Write out an exact copy of the line with "this 400×267 image." and of each line after it, through the end of the records below.

* _Record set_
--
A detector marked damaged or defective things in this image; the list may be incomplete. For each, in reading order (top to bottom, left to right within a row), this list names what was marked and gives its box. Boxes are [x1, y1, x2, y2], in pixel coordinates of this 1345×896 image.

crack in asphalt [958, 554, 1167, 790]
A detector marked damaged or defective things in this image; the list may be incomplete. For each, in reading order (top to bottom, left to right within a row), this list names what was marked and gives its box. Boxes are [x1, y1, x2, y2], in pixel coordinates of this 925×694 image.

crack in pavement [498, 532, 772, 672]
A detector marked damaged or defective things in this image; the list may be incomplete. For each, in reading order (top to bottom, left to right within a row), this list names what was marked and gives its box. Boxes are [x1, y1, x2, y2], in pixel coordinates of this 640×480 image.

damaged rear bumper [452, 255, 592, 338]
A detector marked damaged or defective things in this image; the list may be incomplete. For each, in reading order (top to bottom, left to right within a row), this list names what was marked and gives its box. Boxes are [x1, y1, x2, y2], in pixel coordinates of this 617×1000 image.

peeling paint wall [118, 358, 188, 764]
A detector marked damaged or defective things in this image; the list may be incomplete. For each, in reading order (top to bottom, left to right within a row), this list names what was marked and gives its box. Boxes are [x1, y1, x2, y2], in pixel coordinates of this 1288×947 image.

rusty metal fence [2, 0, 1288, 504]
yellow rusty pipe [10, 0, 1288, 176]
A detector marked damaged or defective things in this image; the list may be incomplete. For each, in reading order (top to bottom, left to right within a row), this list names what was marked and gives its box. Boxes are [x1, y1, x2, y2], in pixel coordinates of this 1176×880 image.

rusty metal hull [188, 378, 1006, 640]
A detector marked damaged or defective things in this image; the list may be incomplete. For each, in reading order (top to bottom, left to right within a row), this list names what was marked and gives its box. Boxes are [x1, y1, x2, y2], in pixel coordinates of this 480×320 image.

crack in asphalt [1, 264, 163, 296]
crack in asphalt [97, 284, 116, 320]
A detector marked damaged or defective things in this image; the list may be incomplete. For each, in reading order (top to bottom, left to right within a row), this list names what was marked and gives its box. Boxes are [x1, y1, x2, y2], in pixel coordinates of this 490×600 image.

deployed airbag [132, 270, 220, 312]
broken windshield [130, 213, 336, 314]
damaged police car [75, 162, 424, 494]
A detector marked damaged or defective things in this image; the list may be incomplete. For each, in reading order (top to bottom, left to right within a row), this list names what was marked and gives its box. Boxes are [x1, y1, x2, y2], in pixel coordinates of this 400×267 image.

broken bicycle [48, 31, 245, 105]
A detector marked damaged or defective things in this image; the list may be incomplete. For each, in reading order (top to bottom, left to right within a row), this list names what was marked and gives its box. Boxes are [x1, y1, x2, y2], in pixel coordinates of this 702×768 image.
--
* _Answer_
A detector marked damaged or defective things in this image; the list may be incomplete. For each, in reading order (top to bottom, left to right within a row), this list names what was marked and gives its box. Boxes are [x1, y1, x2, y2], in pixel coordinates of this 400×267 image.

broken bicycle [48, 31, 245, 105]
A detector marked damaged or defective things in this image; the list may be incomplete. For each, in reading order (top to bottom, left to right within a row), this list names what was marked and gives its box. Boxes are [x1, y1, x2, y2], in pixel coordinates of this 702×768 image.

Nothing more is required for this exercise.